[Start of Attachment]
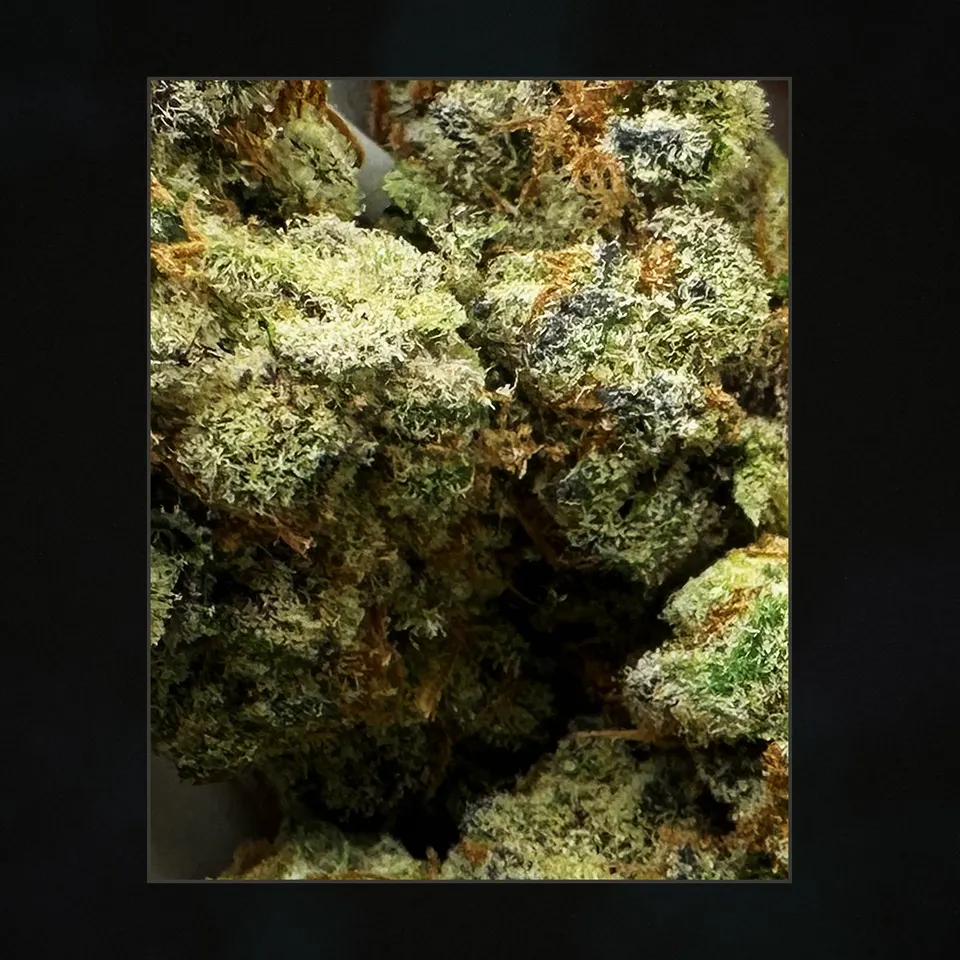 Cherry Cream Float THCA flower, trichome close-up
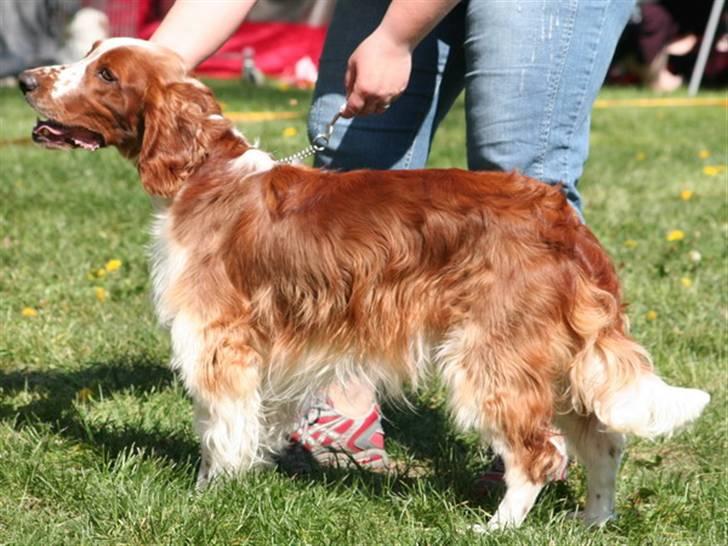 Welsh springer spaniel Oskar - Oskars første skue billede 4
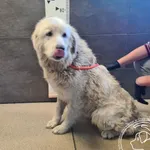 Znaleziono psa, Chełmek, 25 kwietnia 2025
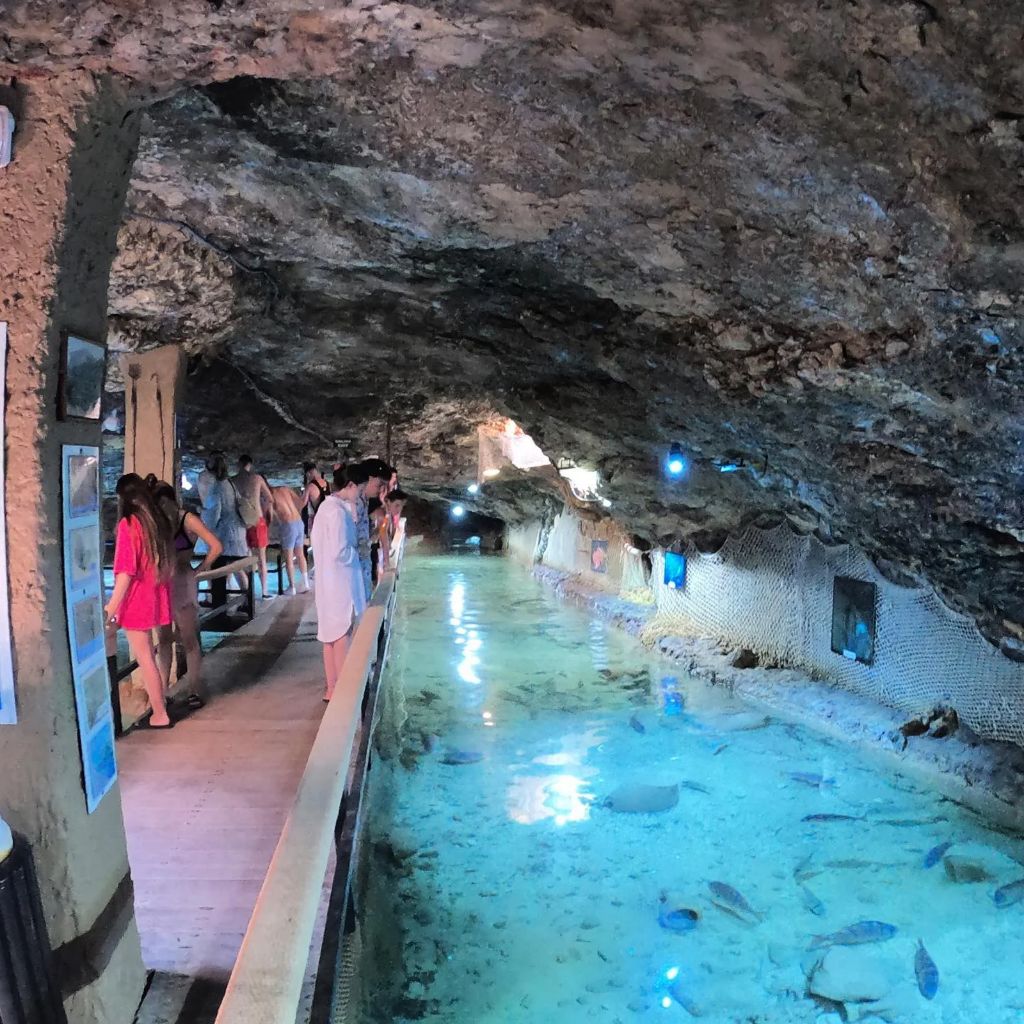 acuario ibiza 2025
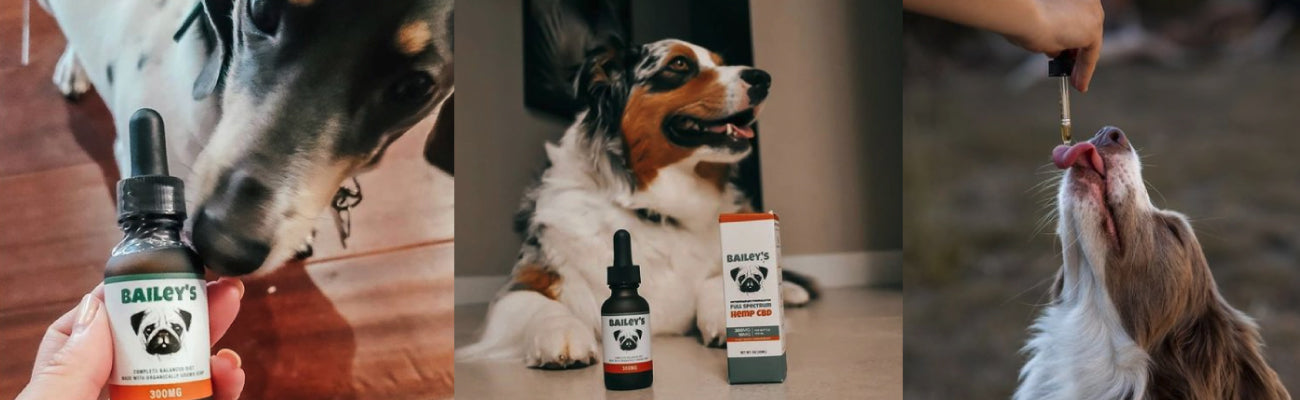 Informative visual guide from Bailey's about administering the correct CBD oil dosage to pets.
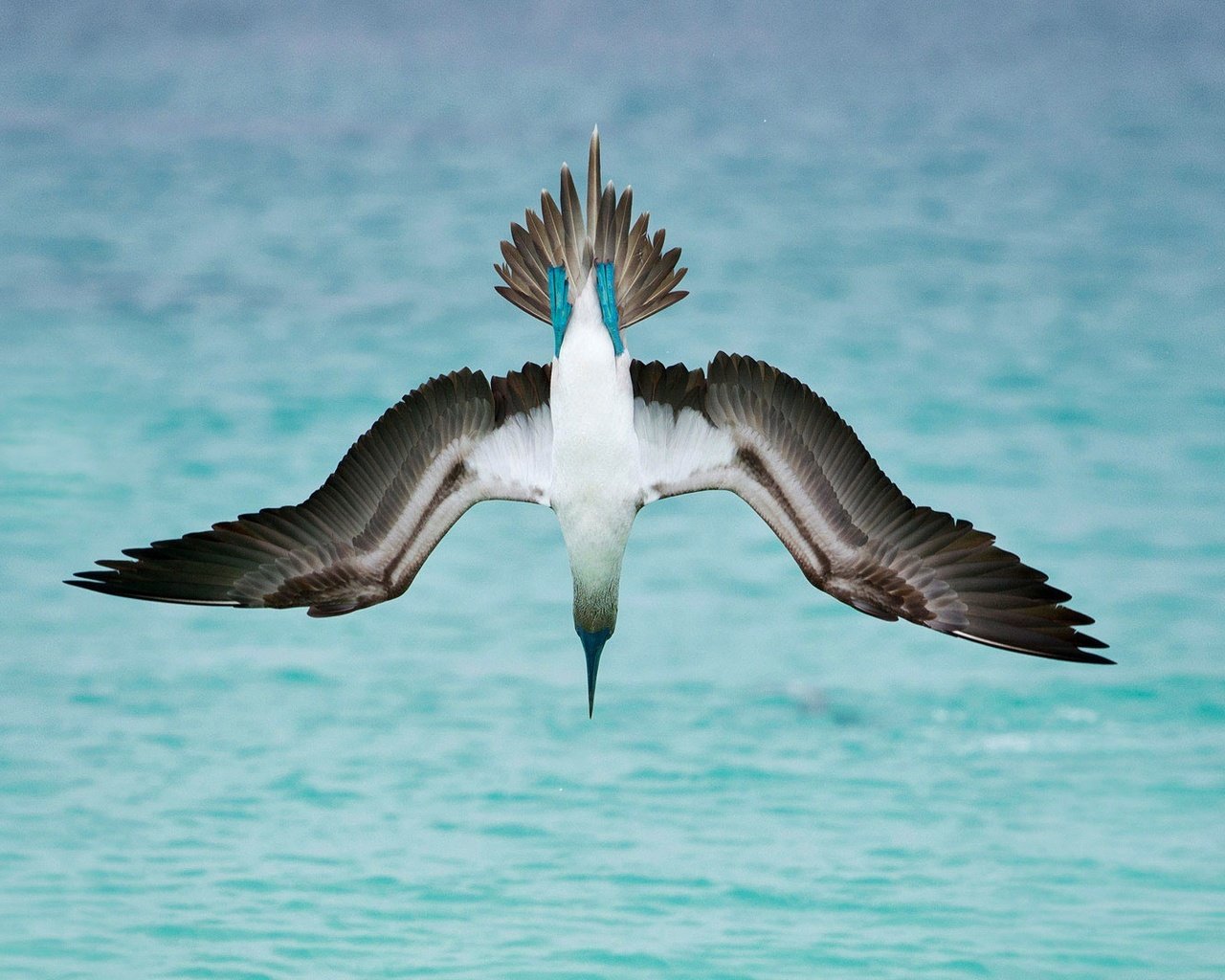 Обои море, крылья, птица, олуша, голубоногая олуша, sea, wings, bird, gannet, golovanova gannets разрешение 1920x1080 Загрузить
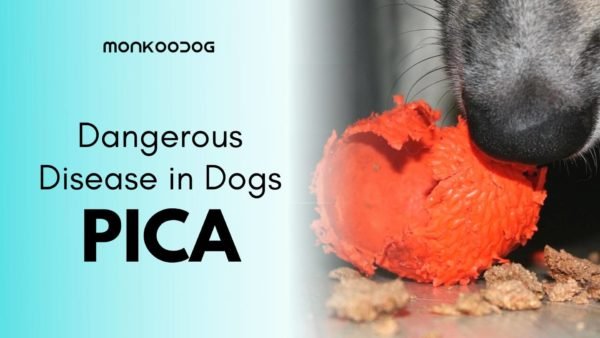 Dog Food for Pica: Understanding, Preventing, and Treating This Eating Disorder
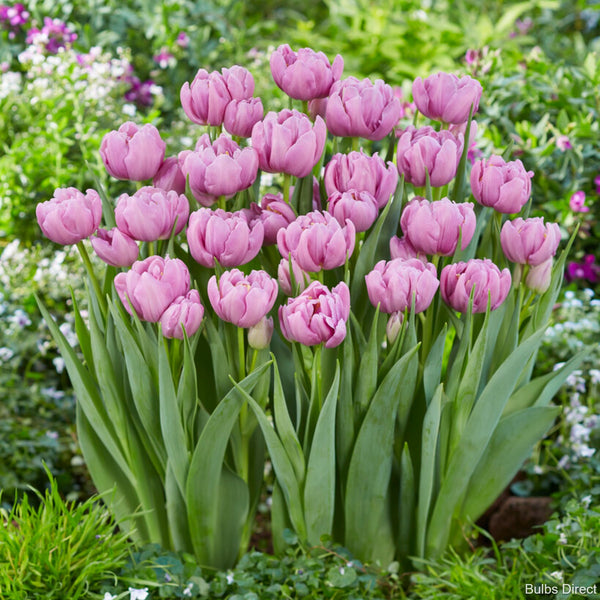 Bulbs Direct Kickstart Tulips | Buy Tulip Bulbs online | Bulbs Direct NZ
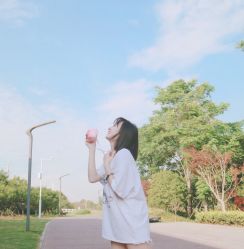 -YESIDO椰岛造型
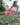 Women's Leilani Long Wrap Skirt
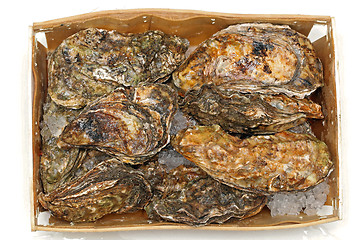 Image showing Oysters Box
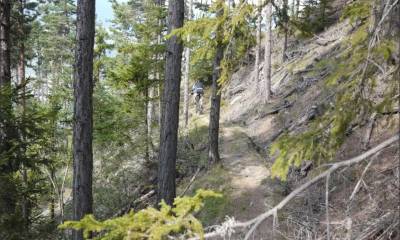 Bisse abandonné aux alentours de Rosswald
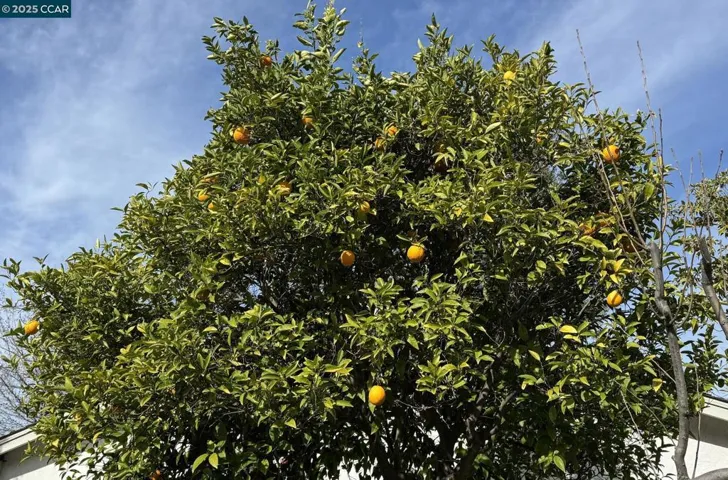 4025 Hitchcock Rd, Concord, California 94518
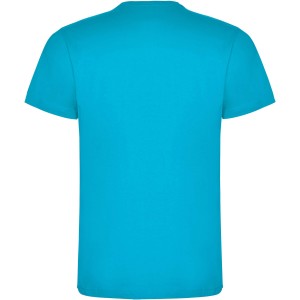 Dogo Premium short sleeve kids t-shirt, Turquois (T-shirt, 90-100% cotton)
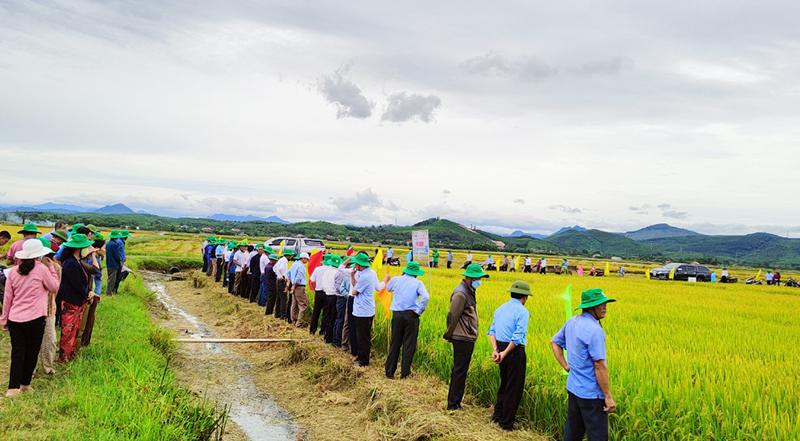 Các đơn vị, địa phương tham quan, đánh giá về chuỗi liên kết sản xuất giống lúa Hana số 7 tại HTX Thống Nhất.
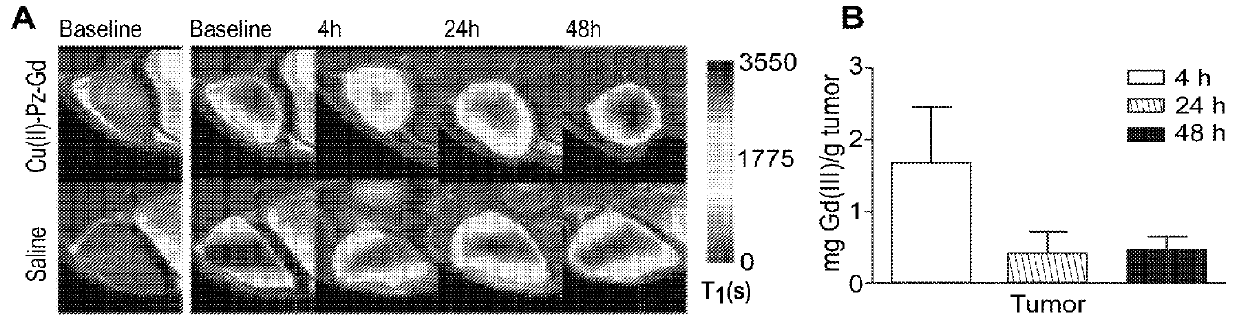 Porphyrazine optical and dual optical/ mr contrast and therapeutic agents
[End of Attachment]
Output the lines of the data exactly, starting at the first and ending with the line that has "Dog Food for". Pictures are not part of it.

 Cherry Cream Float THCA flower, trichome close-up
 Welsh springer spaniel Oskar - Oskars første skue billede 4
 Znaleziono psa, Chełmek, 25 kwietnia 2025
 acuario ibiza 2025
 Informative visual guide from Bailey's about administering the correct CBD oil dosage to pets.
 Обои море, крылья, птица, олуша, голубоногая олуша, sea, wings, bird, gannet, golovanova gannets разрешение 1920x1080 Загрузить
 Dog Food for Pica: Understanding, Preventing, and Treating This Eating Disorder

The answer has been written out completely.